The U.N. High Commissioner for Human Rights, Michelle Bachelet, is calling for a moratorium on the sale and use of artificial intelligence systems, which she says pose a serious risk to human rights.
The High Commissioner's report, which will be submitted to the U.N. human rights council, provides an analysis of how advances in digital technologies are affecting people's human rights.
The report argues that artificial intelligence, or AI, can be a force for good, but also can be overly intrusive and have negative, even catastrophic, effects on people's right to privacy and other human rights.
Peggy Hicks, director of thematic engagement at the U.N. Human Rights Office, says AI systems can be faulty and have embedded biases. These, she says, can lead to discrimination that might jeopardize job prospects or welfare and social security benefits.
She says there are numerous cases of people being treated unjustly because of the faulty use of AI in law enforcement, national security, and criminal justice and border management areas.
"We see AI being used for profiling and suspect identification," she said. "Biometric technology, such as facial recognition and emotional recognition, are being used, including remotely in real time to identify people — with documented cases of erroneous identification and disproportionate impact on certain groups, often minorities.”
The report notes biometric technologies increasingly are being used by governments, international organizations, and technology companies to identify people in real time and from a distance.
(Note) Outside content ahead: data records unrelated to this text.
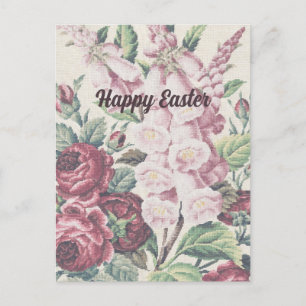 Cross Stitch Flowers Holiday Postcard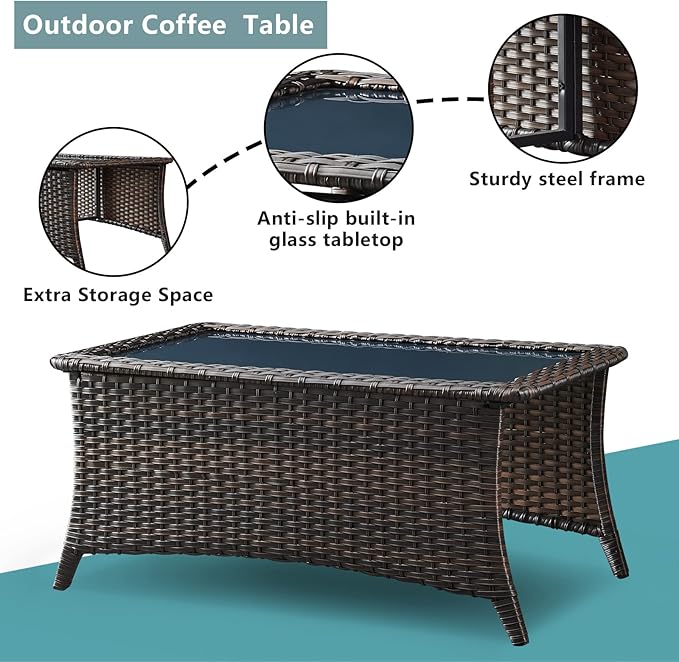 Rilyson 6 Piece Outdoor Patio Furniture Set - Rattan Wicker Patio Conversation Sets with 2 Swivel Rocker Chairs,2 Ottomans,1 Sofa and 1 Coffee Table for Outside Porch Deck Backyard(Brown/Beige)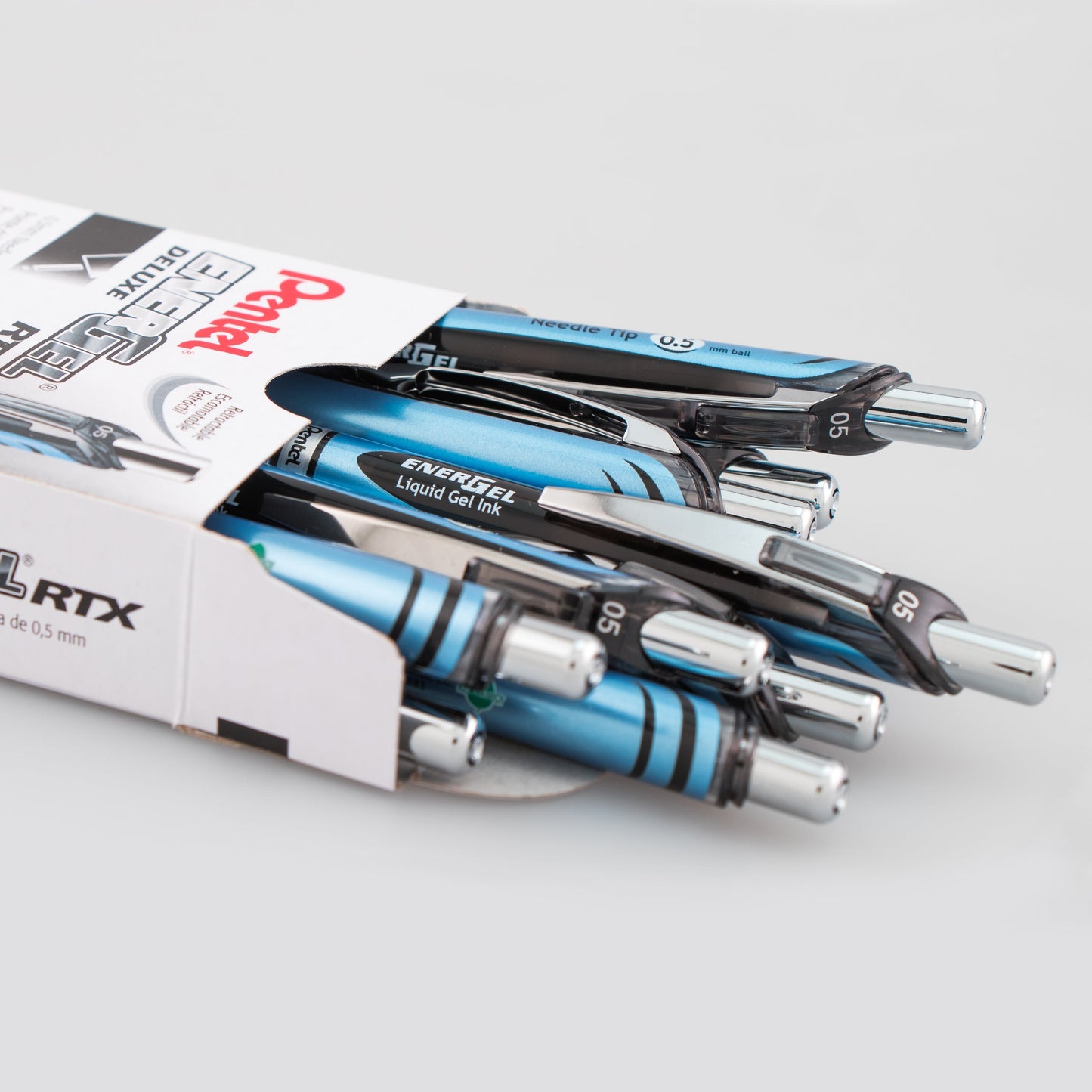 Pentel EnerGel RTX Retractable Liquid Gel Pen, (0.5mm) Needle Tip, Fine Line, Black Ink (BLN75-A)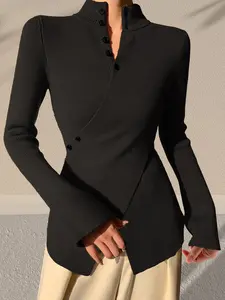New Arrival Women's Fashion Solid Color Button Cross Design Long Sleeve Sweater, Asymmetric Knit Pullover, Stylish and Comfortable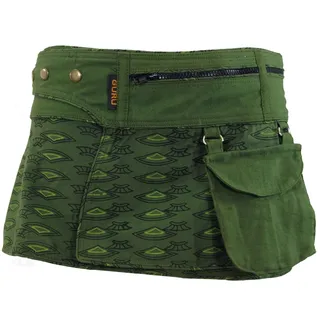 GURU SHOP Wickelrock Cacheur mit Sidebag, Damen, Baumwolle, Mini | Super kurzer Minirock, Slim-Passform, verstellbare Größe, praktische Reißverschlusstaschen für Essentials. - 42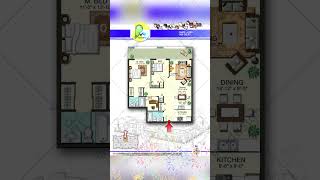 Color Floor Plan 969 SqFt 2BHK Home with Office Suite 203 Sidney apartment floorplan unit [upl. by Ialda270]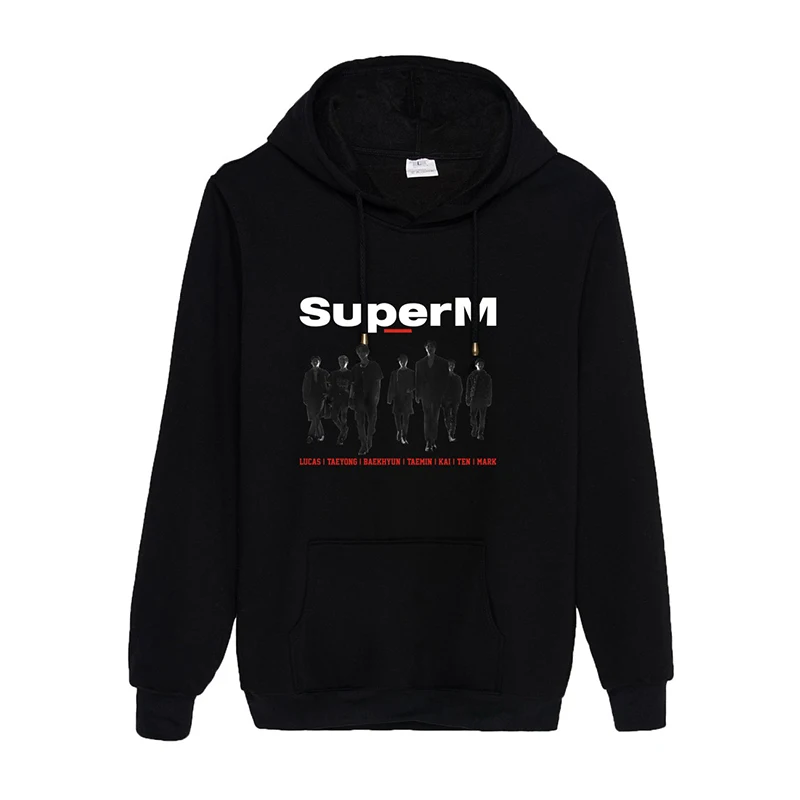 Черный K-pop SuperM BAEKHYUN KAI Taeyong Taemin Mark Lucas Ten толстые поддерживающие толстовки KPOP SuperM свитера большого размера пуловеры - Цвет: Черный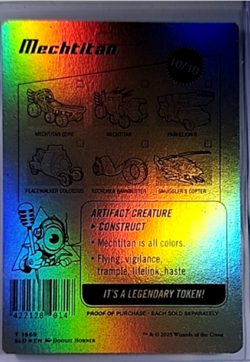 2025 MTG Magic The Gathering Secret Lair Drop Borderless Foil Mechtitan Token - Image 2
This potentially allows unlimited tracking of individuals.
Hicks says the High Commissioner specifically recommends a moratorium on the use of remote biometric recognition technology in public spaces given the serious threats to public freedoms associated with such surveillance.
"Without immediate and far-reaching shifts and how we address AI deployment and development, the existing harms will multiply at scale and with speed," she said. "And the worst part of it is, we will not even know the extent of the problem because there is so little transparency around artificial intelligence and its use.”
U.N. rights chief Bachelet says there needs to be much greater transparency by companies and states in how they are developing and using AI. She says the power of AI to serve people is undeniable, but so is its ability to invade their privacy and violate human rights on an enormous scale and with virtually no visibility.